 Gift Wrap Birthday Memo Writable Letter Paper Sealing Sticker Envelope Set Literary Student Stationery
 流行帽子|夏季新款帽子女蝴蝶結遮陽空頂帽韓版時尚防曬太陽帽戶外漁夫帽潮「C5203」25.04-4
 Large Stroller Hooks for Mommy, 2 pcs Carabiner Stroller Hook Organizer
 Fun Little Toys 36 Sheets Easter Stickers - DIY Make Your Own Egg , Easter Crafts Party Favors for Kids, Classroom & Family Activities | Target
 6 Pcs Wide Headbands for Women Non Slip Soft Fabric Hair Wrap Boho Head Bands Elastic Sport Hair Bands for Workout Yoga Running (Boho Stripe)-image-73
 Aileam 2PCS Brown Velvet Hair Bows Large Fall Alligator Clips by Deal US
○ ○ ○
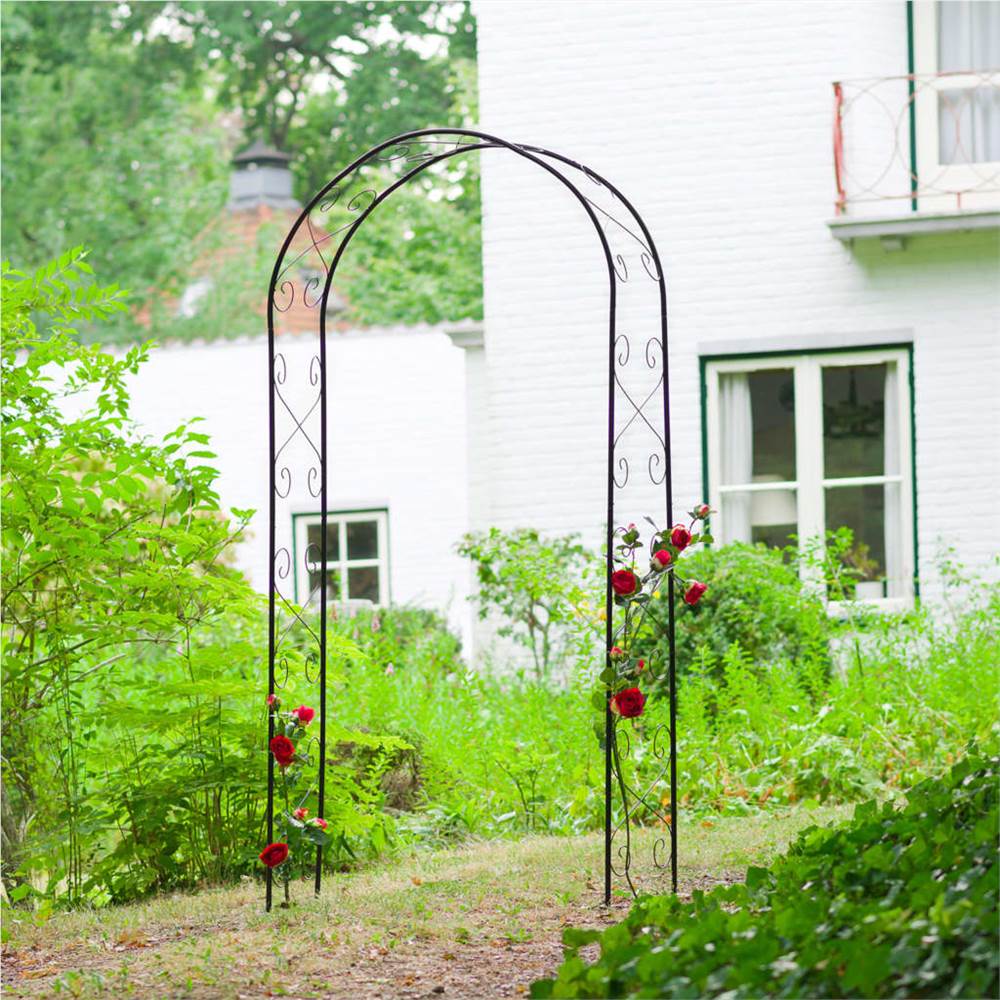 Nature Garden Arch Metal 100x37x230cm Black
○ ○ ○
*INSTRUCTIONS FOR THE TASK*
Give back exactly the lines above starting at the line where "Gift Wrap Birthday" appears and ending at the line where "Aileam 2PCS Brown" appears, both included, with no other lines.

*RESPONSE BOX*
 Gift Wrap Birthday Memo Writable Letter Paper Sealing Sticker Envelope Set Literary Student Stationery
 流行帽子|夏季新款帽子女蝴蝶結遮陽空頂帽韓版時尚防曬太陽帽戶外漁夫帽潮「C5203」25.04-4
 Large Stroller Hooks for Mommy, 2 pcs Carabiner Stroller Hook Organizer
 Fun Little Toys 36 Sheets Easter Stickers - DIY Make Your Own Egg , Easter Crafts Party Favors for Kids, Classroom & Family Activities | Target
 6 Pcs Wide Headbands for Women Non Slip Soft Fabric Hair Wrap Boho Head Bands Elastic Sport Hair Bands for Workout Yoga Running (Boho Stripe)-image-73
 Aileam 2PCS Brown Velvet Hair Bows Large Fall Alligator Clips by Deal US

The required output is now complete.